Read More: Ancient DNA Uncovers Startling Family Secret of a 3,500-Year-Old Bronze Age Community


Analyzing DNA Molecules From Bronze Age Sites

In the new study, Orfanou and her team analyzed ancient DNA molecules, strontium and oxygen isotopes, and information from buried skeletons. In total, the team drew together information from 36 burials across sites in Central Germany. They compared the information from these sites with samples from a set of contemporaneous burials in what is now South Germany, Czechia, and Poland.

The highly stable strontium and oxygen isotopes could tell the team about where their study subjects lived. This information suggested that the people buried in Central Germany had spent their entire lives in the region, rather than having undergone mass migration between regions.

What Was on the Bronze Age Menu

Molecular analysis could also reveal information about the Bronze Age’s dietary patterns. As the Bronze Age drew to a close, people began eating broomcorn millet, a recent arrival from China.

This shift appears to have occurred independently of other demographic shifts, suggesting that communities that had previously grown other crops shifted their diets in response to economic or environmental challenges.
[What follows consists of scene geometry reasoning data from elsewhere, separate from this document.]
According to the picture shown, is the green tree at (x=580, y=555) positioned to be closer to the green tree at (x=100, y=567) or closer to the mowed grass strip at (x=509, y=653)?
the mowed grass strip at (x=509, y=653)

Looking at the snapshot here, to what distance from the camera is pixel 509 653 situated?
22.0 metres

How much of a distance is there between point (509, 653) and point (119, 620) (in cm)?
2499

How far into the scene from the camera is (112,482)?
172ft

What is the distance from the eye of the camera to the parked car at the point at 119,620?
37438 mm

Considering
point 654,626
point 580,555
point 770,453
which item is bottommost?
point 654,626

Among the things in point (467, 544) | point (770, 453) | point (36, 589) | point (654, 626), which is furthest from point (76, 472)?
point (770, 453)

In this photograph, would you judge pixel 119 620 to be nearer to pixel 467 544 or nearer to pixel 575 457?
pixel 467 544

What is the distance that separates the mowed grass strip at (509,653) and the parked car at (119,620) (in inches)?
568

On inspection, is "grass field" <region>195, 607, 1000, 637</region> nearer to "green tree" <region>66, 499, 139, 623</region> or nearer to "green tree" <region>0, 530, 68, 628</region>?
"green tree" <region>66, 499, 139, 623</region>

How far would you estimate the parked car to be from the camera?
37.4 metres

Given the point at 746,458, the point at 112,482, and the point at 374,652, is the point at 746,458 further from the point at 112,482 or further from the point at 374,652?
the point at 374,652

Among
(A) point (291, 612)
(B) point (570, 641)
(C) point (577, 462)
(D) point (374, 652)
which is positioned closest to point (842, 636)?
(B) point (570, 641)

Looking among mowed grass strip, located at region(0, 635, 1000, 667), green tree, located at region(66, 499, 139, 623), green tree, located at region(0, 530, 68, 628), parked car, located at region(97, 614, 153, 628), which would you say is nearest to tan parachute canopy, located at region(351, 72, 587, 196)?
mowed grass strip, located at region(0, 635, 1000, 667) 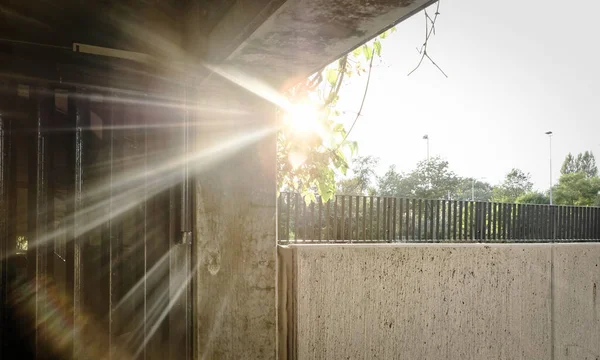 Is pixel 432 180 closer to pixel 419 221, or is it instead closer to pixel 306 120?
pixel 419 221

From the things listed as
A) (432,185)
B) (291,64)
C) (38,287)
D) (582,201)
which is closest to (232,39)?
(291,64)

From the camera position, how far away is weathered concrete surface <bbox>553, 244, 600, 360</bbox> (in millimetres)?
3846

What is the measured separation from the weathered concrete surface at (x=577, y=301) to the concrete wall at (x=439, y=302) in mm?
10

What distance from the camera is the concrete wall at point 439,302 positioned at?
9.28 ft

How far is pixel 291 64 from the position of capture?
7.11ft

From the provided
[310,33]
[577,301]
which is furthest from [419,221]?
[310,33]

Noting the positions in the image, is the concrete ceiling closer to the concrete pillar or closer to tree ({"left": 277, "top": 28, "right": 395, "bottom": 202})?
the concrete pillar

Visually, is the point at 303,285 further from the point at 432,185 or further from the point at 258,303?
the point at 432,185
The latest samples analyzed in the study suggested that locals switched back to their traditional favorites, barley and wheat, highlighting the flexibility and experimentation of these Bronze Age communities.

Choosing Their Burial

The researchers also assessed biomarkers from the skeletons. This analysis turned up little evidence of epidemic disease. Instead, the Bronze Age people appeared to have had healthy, but physically taxing lives.

The study highlighted that burial practices during the period were highly varied, even within single communities. It appears that people of the time were able to freely choose between cremation, skull-only burial, or full-body burial.
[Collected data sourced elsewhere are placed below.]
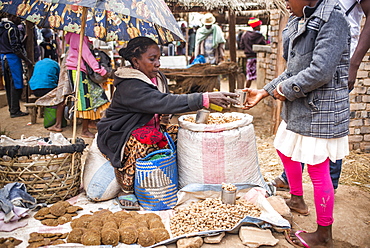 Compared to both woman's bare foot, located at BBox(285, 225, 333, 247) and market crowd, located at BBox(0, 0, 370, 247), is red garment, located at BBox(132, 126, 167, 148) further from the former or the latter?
woman's bare foot, located at BBox(285, 225, 333, 247)

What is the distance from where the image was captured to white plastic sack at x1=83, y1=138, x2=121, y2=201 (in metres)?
2.93

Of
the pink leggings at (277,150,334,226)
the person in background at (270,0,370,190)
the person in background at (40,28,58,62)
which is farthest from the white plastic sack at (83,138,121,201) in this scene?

“These practices do not appear to be marginal or atypical,” said Orfanou.

These shards of evidence from a long-forgotten society reveal that, even thousands of years ago, human culture was flexible and dynamic.

“Change and innovation were incorporated into existing traditions. These communities actively shaped their lifeways and created hybrid practices that were locally meaningful within an increasingly interconnected world,” said Wolfgang Haak, an archeologist at the Max Planck Institute for Evolutionary Anthropology and senior study author, in a statement.